At the present time, the courts, State Boards of Education, local school boards and teachers are sorting themselves on both sides of the legislation. Arizona’s Supreme Court will take up the constitutionality of that state’s measures in early October, and many admit that in Arizona and elsewhere the stunning vagueness of the legislation will make it unenforceable. And yet, crafting legislation to enhance learning and protect children was never the Republican legislators’ intention. Forbidding the study of race, as they are attempting, will not make racism and its legacies disappear, as they well know it, for events in the “real world” disclose a different reality. There, students returning to a new school year at Park Hill South High School in the suburbs of Kansas City, MO, were greeted by a student-designed petition calling for slavery to be reinstituted. In the real world, white students at Barker Road Middle School in Rochester, NY, texted each other about enrolling Black people in “slave training” so they could “be on the field working like n—–s should.” A teacher at the Winterville Charter Academy (Winston-Salem, NC) told Black students in her class that “if not for the Constitution,” they would be her “field slaves.” (The Constitution, of course, permitted slavery.) In the real world, superintendents and teachers have been harassed and fired for supporting anti-racist efforts in their schools, moderate school boards have been replaced by slates of “patriots,” and educators (and their families) have been threatened with physical harm.
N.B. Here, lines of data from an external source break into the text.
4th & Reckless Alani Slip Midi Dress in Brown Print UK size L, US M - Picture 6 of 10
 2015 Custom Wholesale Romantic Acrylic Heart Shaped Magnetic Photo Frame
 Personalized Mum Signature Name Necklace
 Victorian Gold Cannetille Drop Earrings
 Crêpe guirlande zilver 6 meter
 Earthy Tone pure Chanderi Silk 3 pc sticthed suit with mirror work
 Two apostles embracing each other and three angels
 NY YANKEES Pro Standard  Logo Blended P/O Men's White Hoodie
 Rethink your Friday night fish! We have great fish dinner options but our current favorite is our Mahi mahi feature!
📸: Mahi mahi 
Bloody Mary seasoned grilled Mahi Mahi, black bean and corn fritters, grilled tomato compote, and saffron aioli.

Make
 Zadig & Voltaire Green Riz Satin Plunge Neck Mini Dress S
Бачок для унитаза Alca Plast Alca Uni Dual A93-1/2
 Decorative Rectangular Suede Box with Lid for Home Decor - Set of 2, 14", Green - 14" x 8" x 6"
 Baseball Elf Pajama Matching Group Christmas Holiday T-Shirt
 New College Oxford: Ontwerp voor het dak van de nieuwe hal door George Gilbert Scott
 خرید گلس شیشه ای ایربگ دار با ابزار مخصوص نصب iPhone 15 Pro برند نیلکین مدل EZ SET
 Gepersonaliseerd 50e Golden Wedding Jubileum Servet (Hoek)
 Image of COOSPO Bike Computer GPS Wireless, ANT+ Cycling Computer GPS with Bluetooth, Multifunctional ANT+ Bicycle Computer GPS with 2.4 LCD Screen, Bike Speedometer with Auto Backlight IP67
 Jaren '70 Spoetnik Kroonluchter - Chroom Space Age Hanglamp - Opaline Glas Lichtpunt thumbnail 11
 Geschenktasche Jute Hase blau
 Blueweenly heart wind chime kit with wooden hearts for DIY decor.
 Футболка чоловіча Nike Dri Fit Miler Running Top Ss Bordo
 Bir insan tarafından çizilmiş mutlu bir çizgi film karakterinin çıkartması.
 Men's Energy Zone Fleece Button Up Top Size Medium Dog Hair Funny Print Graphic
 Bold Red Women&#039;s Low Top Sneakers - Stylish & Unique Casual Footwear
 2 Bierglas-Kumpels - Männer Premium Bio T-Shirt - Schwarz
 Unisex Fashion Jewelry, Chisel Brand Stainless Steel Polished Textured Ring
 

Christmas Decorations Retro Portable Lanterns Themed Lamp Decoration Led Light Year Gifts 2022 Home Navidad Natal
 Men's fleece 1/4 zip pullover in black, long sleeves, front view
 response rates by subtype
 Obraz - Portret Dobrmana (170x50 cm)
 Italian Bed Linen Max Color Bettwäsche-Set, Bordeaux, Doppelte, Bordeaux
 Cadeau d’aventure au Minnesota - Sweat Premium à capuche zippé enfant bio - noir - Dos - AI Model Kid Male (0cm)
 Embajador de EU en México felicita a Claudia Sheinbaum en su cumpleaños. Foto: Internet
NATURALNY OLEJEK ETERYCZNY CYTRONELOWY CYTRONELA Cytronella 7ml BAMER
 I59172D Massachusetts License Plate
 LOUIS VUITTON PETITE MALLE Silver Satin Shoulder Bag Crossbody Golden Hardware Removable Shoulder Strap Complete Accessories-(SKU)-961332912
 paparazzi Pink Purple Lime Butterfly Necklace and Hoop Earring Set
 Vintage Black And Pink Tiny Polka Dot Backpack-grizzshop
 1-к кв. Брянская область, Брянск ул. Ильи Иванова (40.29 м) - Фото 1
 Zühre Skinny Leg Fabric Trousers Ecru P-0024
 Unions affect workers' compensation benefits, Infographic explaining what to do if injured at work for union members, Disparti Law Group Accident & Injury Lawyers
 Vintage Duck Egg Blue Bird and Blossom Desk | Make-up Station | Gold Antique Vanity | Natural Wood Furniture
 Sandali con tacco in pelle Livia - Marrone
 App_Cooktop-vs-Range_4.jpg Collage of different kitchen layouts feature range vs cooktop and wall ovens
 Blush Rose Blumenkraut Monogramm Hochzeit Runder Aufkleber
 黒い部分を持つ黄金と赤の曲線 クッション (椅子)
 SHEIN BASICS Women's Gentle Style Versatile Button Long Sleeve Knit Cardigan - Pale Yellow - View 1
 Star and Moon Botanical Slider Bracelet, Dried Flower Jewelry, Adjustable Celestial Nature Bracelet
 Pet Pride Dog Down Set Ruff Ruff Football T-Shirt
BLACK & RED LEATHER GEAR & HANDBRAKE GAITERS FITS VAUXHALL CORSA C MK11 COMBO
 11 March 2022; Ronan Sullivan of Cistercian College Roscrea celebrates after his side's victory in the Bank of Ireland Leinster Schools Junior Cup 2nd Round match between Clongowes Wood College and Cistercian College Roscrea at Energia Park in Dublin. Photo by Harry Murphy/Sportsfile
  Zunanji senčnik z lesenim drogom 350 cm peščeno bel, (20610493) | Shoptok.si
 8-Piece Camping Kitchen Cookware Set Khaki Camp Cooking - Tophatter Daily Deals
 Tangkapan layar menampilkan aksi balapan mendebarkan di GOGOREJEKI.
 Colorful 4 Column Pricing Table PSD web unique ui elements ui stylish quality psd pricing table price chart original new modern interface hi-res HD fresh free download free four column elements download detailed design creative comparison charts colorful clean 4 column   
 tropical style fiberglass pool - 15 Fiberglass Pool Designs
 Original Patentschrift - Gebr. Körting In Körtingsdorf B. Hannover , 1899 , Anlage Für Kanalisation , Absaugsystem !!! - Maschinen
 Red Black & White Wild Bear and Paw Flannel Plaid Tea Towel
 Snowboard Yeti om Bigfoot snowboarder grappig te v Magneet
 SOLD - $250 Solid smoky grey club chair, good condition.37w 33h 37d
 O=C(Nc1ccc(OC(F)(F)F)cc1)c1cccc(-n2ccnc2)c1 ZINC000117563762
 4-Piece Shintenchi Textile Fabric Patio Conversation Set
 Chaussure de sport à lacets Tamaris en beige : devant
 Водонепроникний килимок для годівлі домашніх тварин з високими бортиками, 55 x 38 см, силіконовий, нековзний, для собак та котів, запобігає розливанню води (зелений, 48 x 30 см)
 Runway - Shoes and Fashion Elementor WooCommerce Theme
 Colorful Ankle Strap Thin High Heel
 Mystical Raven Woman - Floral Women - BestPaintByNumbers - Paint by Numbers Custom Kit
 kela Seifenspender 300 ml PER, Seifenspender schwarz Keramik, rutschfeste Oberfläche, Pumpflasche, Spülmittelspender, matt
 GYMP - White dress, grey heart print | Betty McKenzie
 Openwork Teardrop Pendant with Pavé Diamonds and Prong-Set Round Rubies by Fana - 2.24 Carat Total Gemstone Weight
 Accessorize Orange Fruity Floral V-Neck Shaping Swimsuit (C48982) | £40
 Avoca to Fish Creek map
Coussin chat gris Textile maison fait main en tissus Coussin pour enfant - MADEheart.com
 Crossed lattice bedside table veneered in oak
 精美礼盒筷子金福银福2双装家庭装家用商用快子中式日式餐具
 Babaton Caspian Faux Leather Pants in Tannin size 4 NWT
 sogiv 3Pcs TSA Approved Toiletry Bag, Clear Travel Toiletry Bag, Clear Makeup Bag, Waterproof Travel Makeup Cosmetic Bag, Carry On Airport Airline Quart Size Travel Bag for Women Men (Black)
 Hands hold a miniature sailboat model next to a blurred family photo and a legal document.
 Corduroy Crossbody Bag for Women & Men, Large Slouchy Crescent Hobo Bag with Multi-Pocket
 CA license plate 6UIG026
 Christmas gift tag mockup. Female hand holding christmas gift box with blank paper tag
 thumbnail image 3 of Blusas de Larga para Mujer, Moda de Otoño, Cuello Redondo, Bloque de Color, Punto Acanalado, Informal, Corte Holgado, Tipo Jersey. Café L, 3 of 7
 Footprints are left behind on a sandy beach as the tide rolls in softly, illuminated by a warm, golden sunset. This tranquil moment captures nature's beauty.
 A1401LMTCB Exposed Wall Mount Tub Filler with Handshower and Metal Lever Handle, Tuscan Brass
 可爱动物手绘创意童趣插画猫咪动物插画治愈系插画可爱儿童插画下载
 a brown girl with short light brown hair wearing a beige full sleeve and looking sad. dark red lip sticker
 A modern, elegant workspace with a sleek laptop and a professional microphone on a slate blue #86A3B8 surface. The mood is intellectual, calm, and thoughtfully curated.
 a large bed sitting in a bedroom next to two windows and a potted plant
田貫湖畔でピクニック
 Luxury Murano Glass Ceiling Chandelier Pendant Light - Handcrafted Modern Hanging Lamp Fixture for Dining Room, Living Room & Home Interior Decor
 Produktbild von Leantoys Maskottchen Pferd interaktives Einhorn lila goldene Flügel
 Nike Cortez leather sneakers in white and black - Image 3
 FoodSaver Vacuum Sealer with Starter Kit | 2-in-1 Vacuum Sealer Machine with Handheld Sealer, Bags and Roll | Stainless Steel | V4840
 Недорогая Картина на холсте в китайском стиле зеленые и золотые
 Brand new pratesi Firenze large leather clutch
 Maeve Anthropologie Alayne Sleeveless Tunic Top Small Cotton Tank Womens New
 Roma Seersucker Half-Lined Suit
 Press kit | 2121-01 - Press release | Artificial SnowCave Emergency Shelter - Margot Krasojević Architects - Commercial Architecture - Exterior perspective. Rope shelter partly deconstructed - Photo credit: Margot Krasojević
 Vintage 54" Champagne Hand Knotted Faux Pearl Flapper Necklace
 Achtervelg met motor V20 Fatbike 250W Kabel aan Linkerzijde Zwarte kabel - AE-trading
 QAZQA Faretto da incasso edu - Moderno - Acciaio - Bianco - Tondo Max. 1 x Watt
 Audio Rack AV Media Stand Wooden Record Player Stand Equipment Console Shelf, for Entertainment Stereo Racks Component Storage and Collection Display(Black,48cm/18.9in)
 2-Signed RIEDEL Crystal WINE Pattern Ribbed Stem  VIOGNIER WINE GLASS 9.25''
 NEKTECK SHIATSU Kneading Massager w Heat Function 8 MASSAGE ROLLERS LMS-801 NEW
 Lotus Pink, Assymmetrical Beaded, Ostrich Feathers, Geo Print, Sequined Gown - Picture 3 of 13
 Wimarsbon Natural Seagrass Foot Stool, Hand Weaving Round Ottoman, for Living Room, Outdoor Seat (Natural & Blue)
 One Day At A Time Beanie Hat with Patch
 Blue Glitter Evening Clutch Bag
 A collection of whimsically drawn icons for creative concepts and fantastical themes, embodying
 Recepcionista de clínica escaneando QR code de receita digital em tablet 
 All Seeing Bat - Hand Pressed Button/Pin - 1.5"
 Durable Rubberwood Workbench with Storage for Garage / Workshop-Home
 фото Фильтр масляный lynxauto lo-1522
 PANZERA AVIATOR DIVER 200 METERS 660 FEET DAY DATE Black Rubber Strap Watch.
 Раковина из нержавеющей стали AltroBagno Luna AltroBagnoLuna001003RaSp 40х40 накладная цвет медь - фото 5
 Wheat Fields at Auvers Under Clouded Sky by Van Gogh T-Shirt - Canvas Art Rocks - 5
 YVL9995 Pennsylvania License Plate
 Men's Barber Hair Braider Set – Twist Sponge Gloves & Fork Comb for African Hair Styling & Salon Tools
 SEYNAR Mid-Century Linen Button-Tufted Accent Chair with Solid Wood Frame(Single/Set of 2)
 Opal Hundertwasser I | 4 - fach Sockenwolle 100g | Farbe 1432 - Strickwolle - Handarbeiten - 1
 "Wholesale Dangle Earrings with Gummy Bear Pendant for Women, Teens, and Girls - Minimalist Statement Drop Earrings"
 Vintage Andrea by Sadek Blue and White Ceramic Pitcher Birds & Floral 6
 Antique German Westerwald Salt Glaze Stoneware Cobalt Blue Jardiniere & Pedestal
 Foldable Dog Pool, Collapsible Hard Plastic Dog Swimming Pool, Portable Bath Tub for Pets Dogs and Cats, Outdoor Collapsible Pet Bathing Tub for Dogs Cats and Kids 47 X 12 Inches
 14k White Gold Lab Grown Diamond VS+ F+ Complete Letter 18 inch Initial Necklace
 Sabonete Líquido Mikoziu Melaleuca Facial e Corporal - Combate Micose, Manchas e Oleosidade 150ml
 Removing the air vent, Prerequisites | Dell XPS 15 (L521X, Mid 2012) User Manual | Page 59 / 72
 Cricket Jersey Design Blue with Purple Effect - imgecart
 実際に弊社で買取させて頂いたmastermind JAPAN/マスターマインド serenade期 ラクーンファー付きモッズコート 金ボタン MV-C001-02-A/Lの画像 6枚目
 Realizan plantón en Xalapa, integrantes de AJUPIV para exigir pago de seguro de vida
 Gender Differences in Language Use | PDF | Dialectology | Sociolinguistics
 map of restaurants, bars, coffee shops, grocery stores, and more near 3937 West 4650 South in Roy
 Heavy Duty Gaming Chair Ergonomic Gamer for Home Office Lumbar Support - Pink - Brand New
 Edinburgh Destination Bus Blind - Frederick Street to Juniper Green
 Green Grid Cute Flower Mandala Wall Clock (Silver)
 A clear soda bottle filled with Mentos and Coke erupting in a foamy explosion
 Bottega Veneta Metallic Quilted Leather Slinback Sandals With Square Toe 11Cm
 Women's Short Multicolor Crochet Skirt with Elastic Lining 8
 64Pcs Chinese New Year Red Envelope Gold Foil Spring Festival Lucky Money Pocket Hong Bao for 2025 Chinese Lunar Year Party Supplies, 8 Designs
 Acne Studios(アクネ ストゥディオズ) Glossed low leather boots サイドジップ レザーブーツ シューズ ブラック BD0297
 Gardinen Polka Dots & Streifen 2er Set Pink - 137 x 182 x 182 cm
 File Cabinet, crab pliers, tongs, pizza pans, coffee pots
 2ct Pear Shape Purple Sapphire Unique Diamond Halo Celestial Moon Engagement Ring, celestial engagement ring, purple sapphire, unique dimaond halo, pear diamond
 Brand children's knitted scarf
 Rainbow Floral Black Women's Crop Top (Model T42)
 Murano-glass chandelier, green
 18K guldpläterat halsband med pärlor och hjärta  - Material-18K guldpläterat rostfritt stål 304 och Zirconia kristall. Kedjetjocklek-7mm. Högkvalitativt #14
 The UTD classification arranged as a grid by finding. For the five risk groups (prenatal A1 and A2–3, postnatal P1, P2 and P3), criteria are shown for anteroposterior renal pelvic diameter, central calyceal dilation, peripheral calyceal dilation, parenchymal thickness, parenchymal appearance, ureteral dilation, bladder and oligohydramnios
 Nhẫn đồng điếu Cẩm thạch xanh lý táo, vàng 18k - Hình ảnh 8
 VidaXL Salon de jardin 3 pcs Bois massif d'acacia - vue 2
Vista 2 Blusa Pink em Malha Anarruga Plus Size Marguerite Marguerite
These measures may keep the Republican base in a state of high dudgeon, but they won’t quash the demands of young people to learn – or Black people from demanding their rights. As Jania Hoover, a high school social studies teacher in Texas, wrote in July, “Young people want to understand the world around them, and it’s my job to do my absolute best to help them make sense of things, even if it’s just by providing them with knowledge of past events that created the inequalities they witness on a regular basis…I want kids to learn about these systems and work to change them.” Monique Cottman, a 15-year veteran teacher in Iowa’s elementary and middle schools, agreed. What teachers want most, she argued is to give children an education that reflects America’s true, complicated history. “As a Black woman in Iowa public schools, this is my calling as a teacher and as an advocate. I believe fundamentally that students, and teachers, need to know the truth.”